▸ TASK OBJECTIVE:
The full listing should be set down exactly as it reads.

▸ RECORD EXCERPTS:
=======

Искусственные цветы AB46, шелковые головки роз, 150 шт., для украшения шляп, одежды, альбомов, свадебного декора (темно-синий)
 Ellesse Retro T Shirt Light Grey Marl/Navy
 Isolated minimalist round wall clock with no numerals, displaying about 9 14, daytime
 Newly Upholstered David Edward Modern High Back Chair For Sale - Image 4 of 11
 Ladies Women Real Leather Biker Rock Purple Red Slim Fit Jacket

=======

▸ OUTPUT OF THE TASK:
Искусственные цветы AB46, шелковые головки роз, 150 шт., для украшения шляп, одежды, альбомов, свадебного декора (темно-синий)
 Ellesse Retro T Shirt Light Grey Marl/Navy
 Isolated minimalist round wall clock with no numerals, displaying about 9 14, daytime
 Newly Upholstered David Edward Modern High Back Chair For Sale - Image 4 of 11
 Ladies Women Real Leather Biker Rock Purple Red Slim Fit Jacket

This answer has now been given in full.